Thanks for the comments, Steve.
*I’d imagine that managing identity was a different problem pre-internet. It was all about the personal relationships, the gossip, the “what are people saying about me.” That operated in a limited sphere, that has exploded with increasing online visibility, search engines, etc.
*I’m honestly not sure what the opportunities are for most librarians. I think, from an academic standpoint, there is something very important to be said for scholars/faculty to consider the image found of them online and how they might best gather their content and reactions to their content so as to best display it to potential colleagues, students, deans, media (to be one of those “experts”).
*Love to term “googleganger”.
*Validity and “real” identity are a whole other bag of worms. Something that I hope to take up in another post.
*Like anything else these semantic links add a tool to the repertoire. In this case linking and online aggregation can help raise search results in relevancy. Having some kind of home page to aggregate your content and differentiate yourself can help people know who is who. Or at least help people know who you are not.
*Thanks for the reading suggestions. I’ll check them out.
I actually recently blogged about something related to this- someone created a second account for my boyfriend – same name/picture/geographical location…without his permission. We’re not certain who is behind it, but about 40 of his friends accepted this imposters friend request without question. That is scary!

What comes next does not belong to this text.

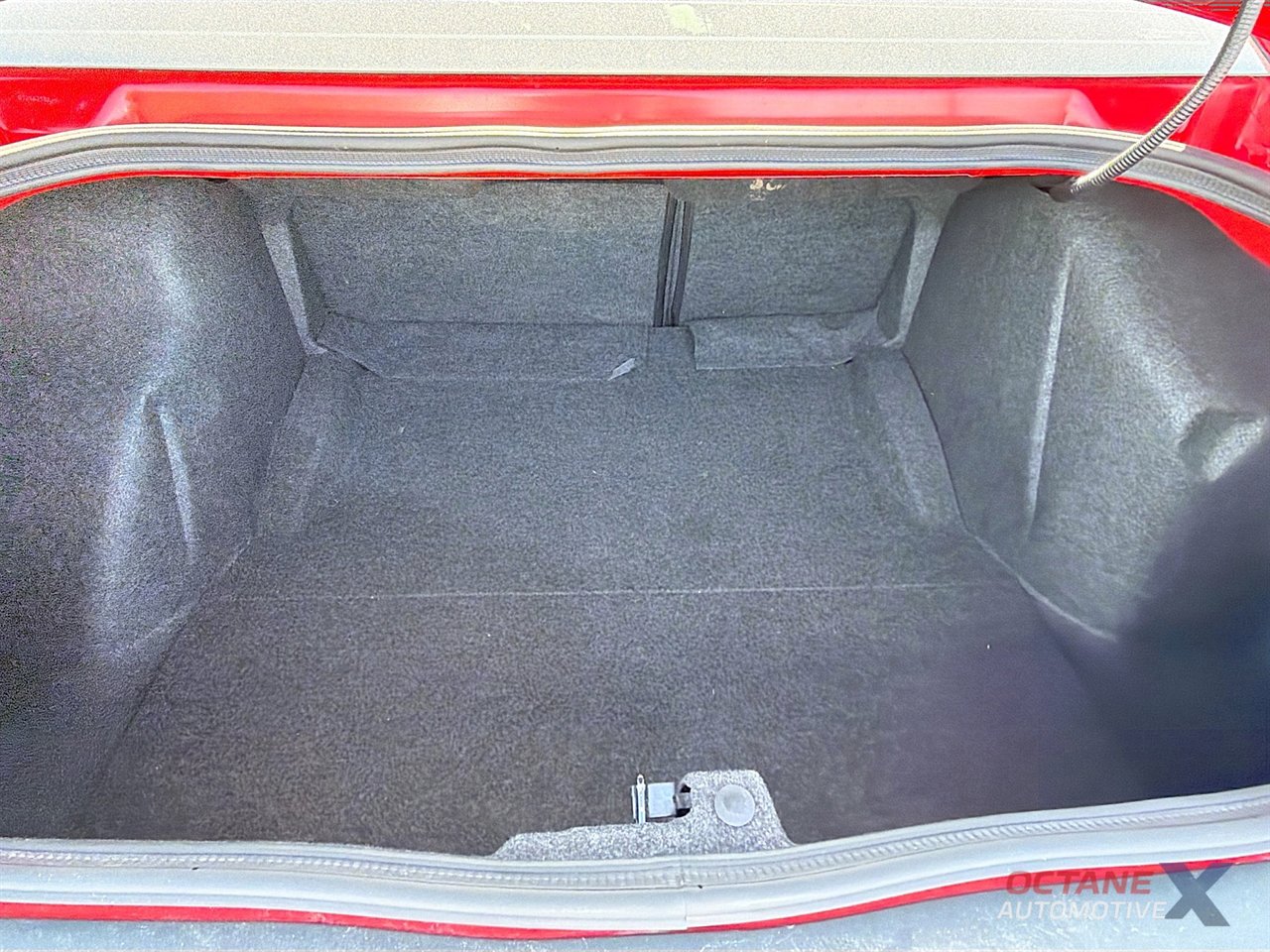 Used 2016 Dodge Challenger SRT Hellcat image 27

I think we will see more and more that googlegangers are actually imposters – for various reasons – to spy on someone else, to amuse oneself, to ruins someones professional or personal life… but yeah, that’s another bag of worms as well.
another Emily: Wow, that is an interesting occurrence. I know there have been issues with celebrities (or semi-celebrities) and account confusion. This is where authentication comes up, which is a whole other topic, but one problem with authenticating anyone online is that it is all based on relative criteria: an email address, a url.
Recently I was trying to find out which library vendors/journals were on Youtube or slideshare. Lists exist for the same thing for Twitter and Facebook, but not Youtube or slideshare.
Naturally,I had the same idea as what was in this post, let’s see if I can find related sites using the twitter sites as a starting point. Why not use the Google graph API…
The other trick to check if X on network A is the same as Y on network B is to check lifestreaming aggregators (claimid probably counts as sort of one), the famous of which is friendfeed.
Would it surprise you to know that these methods weren’t too successful? The later was marginally better.
But what was the easiest method? Using http://namechk.com/ and similar services. This counts on the fact that people tend to use the same username across the web.
I’ve being very quick to sign up for web2.0 accounts so basically every account that allows only one aarontay is me (some accounts are me, but i lost the password!).
But this doesn’t solve the problem since there are multiple people wanting to own the same username. I noticed for example ebscohost having to settle for a variant of their name on youtube :)
Basically if library vendors are not using such technologies to identify themselves, chances are few are doing so.
I would add that libraries since 2006 began opening web accounts all over the place, while chances of a “name collision” are less, you would still need some means of identifying real accounts.
I’ve being blogging pieces like “libraries on twitter”, “libraries on friendfeed”, “libraries on google profiles” , while my latest post was trying to identify libraries on getsatisfaction, yelp, uservoice.
I would add finding if a certain library is on a certain service is not easy :)
I have used namechk.com and found my twit ID taken. but I have my .com!